Y sin embargo… aún quedan importantes reservas democráticas. Ni la intensa memoria de las luchas sociales, ni las huellas del imaginario de un Estado democratizante pueden ser erosionadas con facilidad. Prueba de ello es, en Argentina, la dificultad que el gobierno macrista encuentra para aplicar a fondo su programa de reformas. El proceso electoral de este año marcará un momento crucial para impedir la consolidación del plan del capitalismo financierizado en nuestro país, y para comenzar a revertir los efectos que ese plan ya ha dejado en nuestra economía e instituciones. La dimensión regional que adopta el proceso electoral en Argentina ha quedado expuesta por la intromisión de Bolsonaro, que se ha pronunciado a favor de Mauricio Macri. Resulta difícil de pensar que la ex presidenta no haya tenido muy en cuenta el proceso brasilero a la hora de tomar su decisión de desplazar su candidatura, optando por la vicepresidencia. “Alberto Fernández será un presidente blindado” sugirió Graciana Peñafort luego de conocer la noticia de su postulación. En efecto, de resultar ganador, puede esperarse que incluso los más acérrimos adversarios de la ex presidenta procurarán que ese presidente no renuncie. Tanto Dilma Rousseff como Fernando Lugo vieron sus proyectos políticos desbandarse al ser destituidos y asistir a las traiciones de quienes los secundaban. La propia Cristina Fernández algo sabe de vice-presidentes “no positivos”. De resultar ganadora la fórmula que compuso, será ella quien se encuentre presidiendo el Senado, esta vez escoltando el proceso político que quizás pueda comenzar a restituir derechos que la derecha, como siempre, ha lesionado.

 

[1]  La sugerencia de adjudicar el formato de “serie” a las nuevas modalidades de golpe es trabajada por Suely Rolnik en su libro “Esferas de la insurrección – Apuntes para descolonizar el inconciente”.
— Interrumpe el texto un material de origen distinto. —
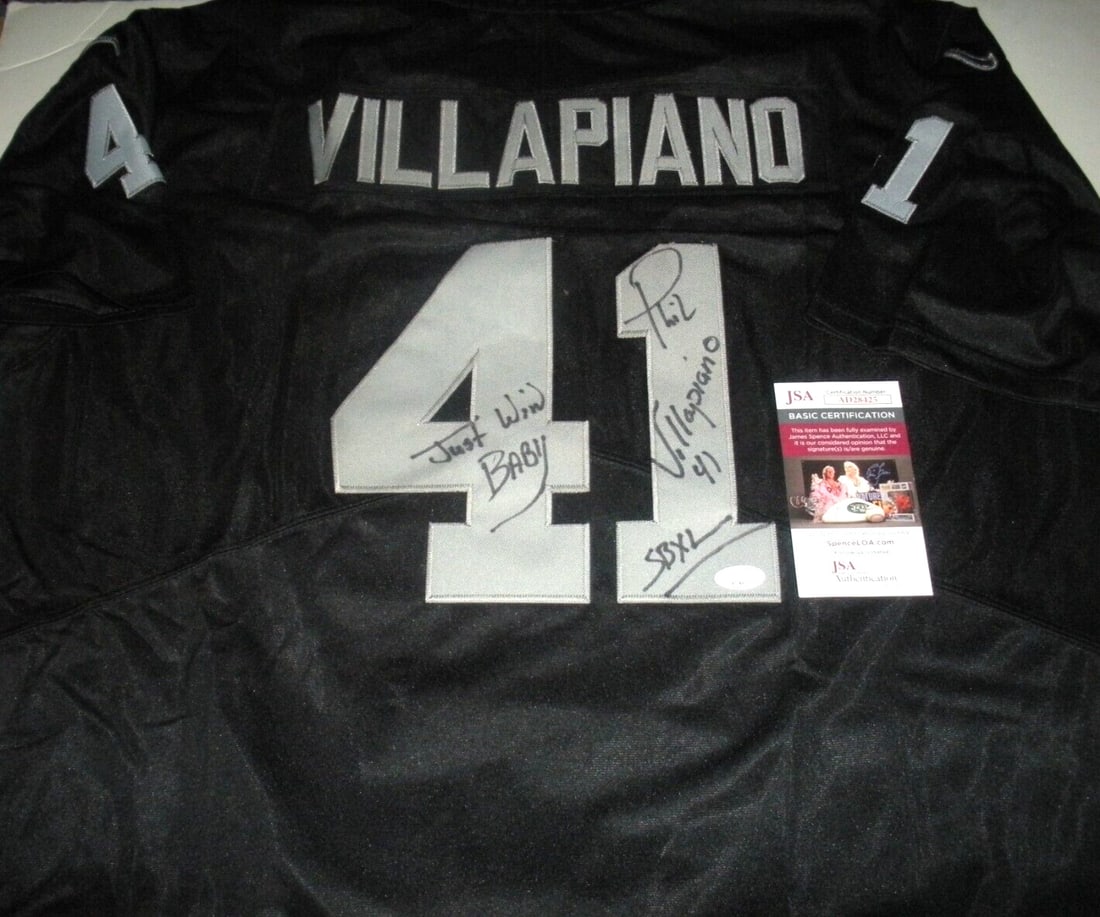 Phil Villapiano Oakland Raiders Signed Nike Jersey with JSA COA: Phil Villapiano Oakland Raiders Signed Nike Jersey with JSA COA This is an original, officially licensed Nike jersey signed by Phil Villapiano, a former player for the Oakland Raiders. The jersey is a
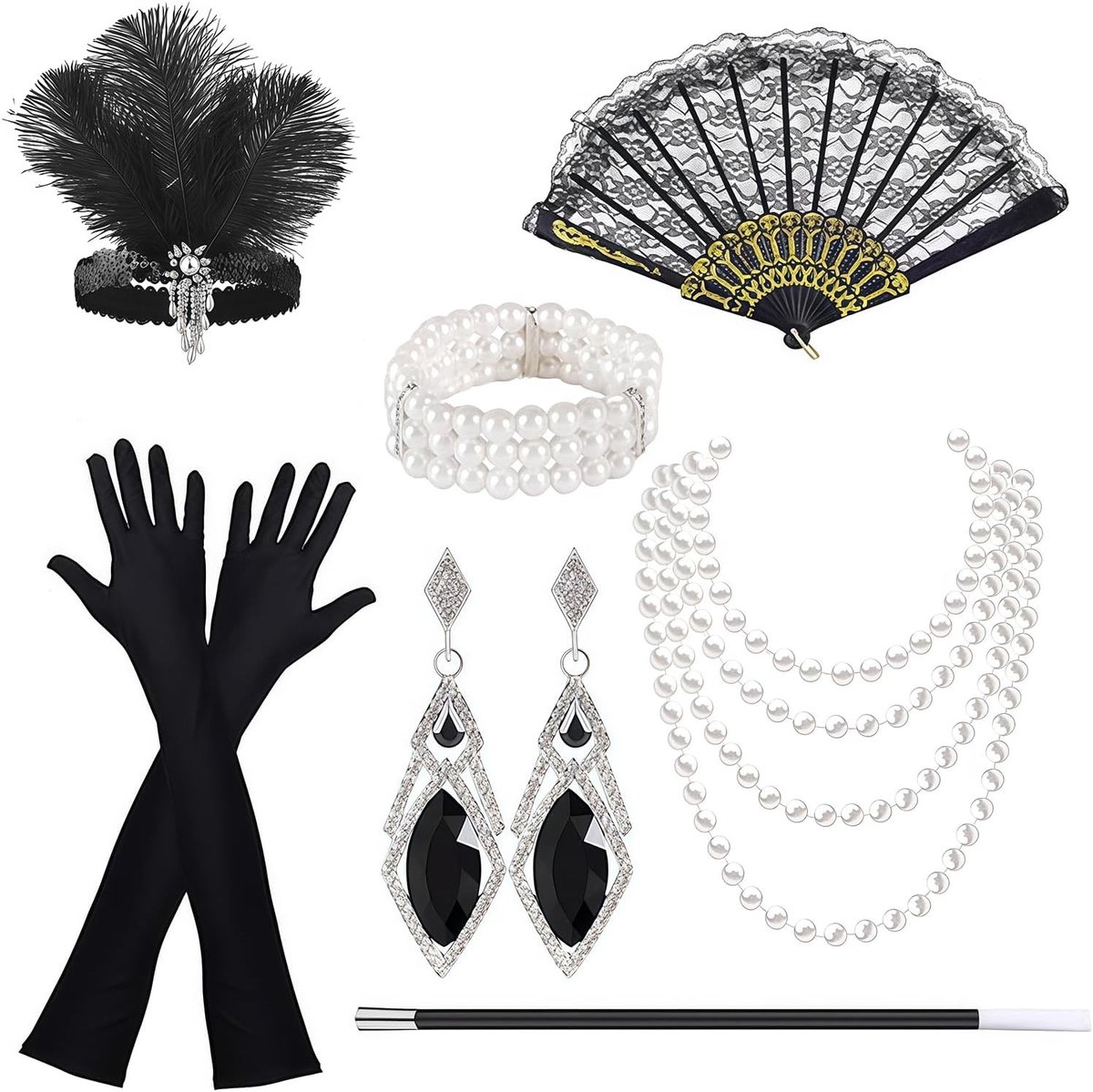 7-delige Accessoireset voor Vrouwen in de Jaren 20, Inclusief Hoofdband, Oorbellen en Parelketting voor Halloween en Kerstmis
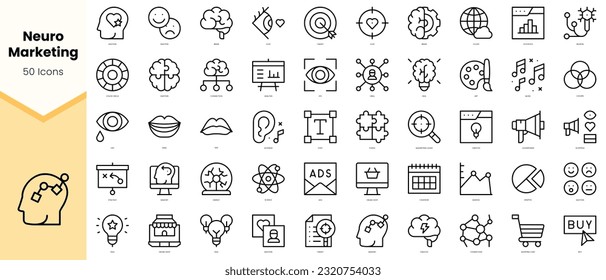 Set of neuromarketing Icons. Simple line art style icons pack. Vector illustration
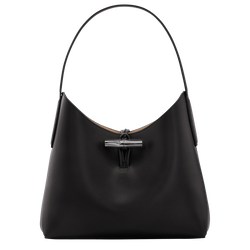 Roseau M Hobo bag , Black - Leather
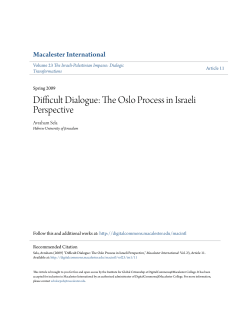 Difficult Dialogue: The Oslo Process in Israeli Perspective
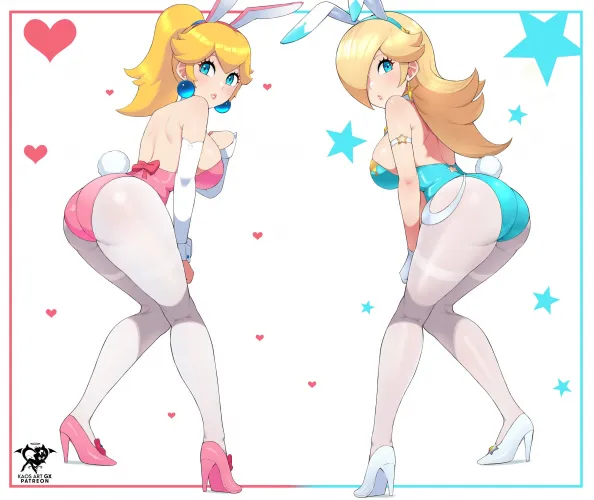 Bunny Peach and Rosalina [Mario] (Kaosart)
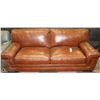 Image 1 : LIGHT BROWN BONDED LEATHER SOFA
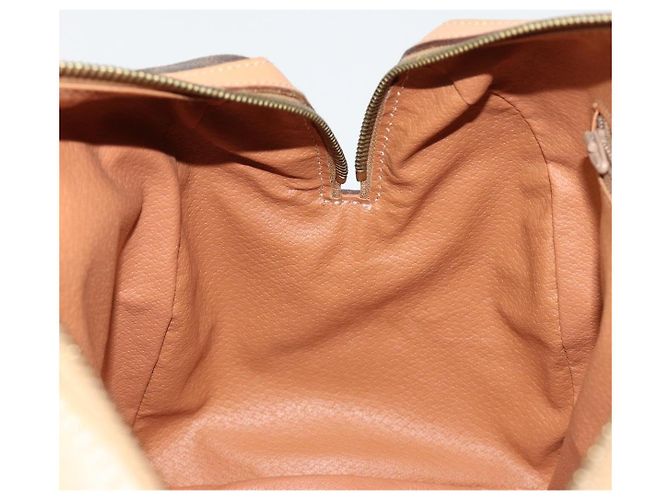 Céline Borsa CELINE Macadam Canvas PVC Pelle Marrone Oro Auth 183369A D'oro - vista 20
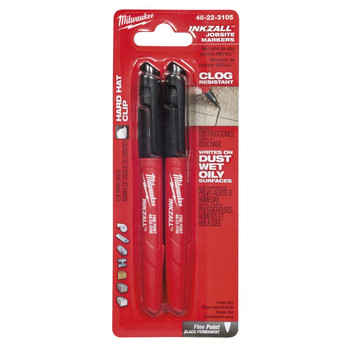 Milwaukee 48-22-3105 Inkzall Fine Point Jobsite Marker (Black) 2-Pack Milwaukee 48-22-3105 Inkzall Fine Point Jobsite Marker (Black) 2-Pack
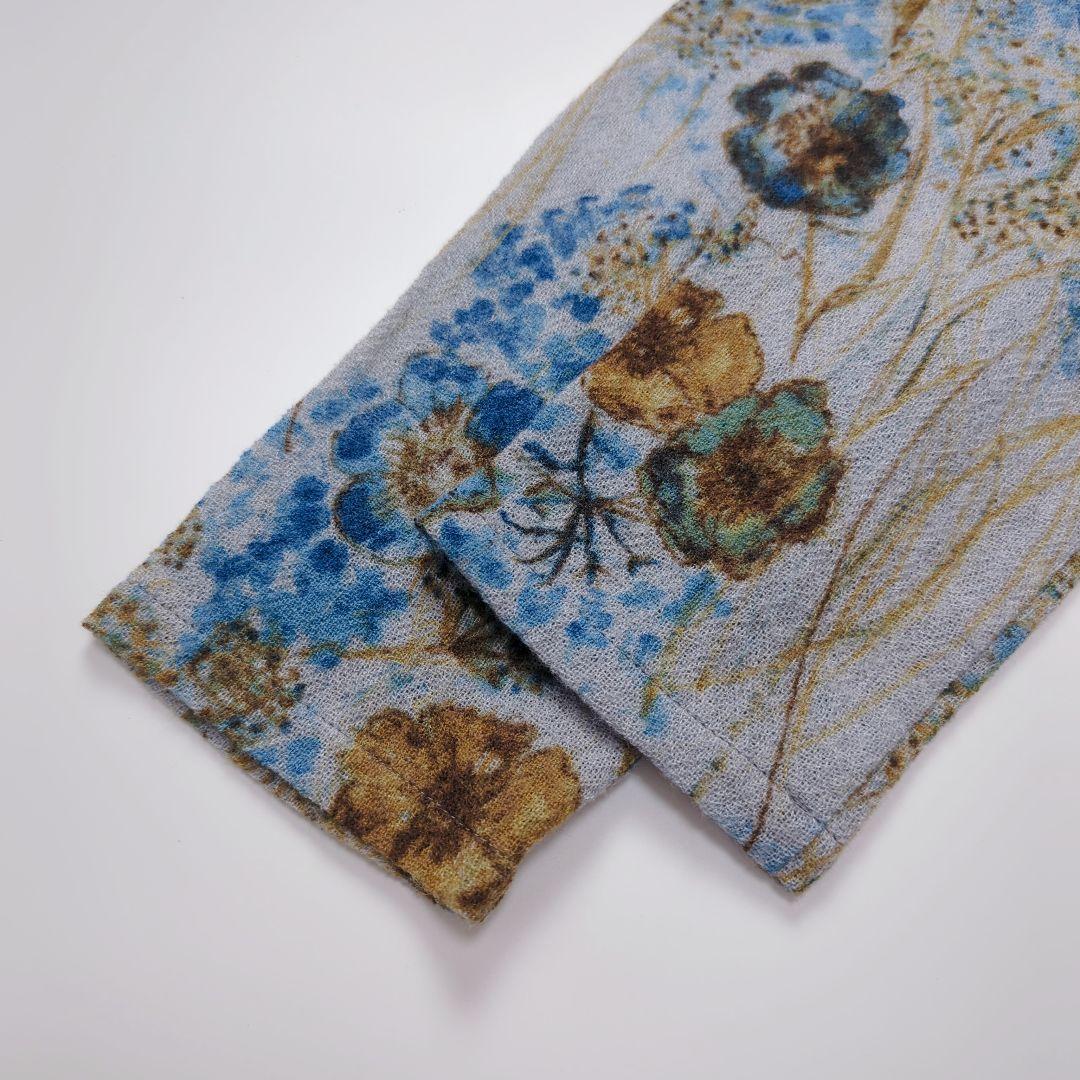 コットンハウスアヤ｜ウールガーゼ 長袖シャツ 水彩フラワー ブルー系 美品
[2] La adhesión reactiva a consignas fanáticas de índole conservador no debiera extrañarnos. La precariedad que instaura el capitalismo financiero deja subjetividades a la intemperie, terreno fértil para ser capturadas por aparatos como pueden ser las Iglesias Evangelistas, que prometen pertenencia a los desamparados. Así, acaban cumpliendo una función indispensable en la economía actual, re-territorializando todo aquello que el capitalismo desterritorializa. Son éstas subjetividades “capturadas” las que sirven de sustento –se ve con nitidez en el caso brasilero- a proyectos políticos reaccionarios.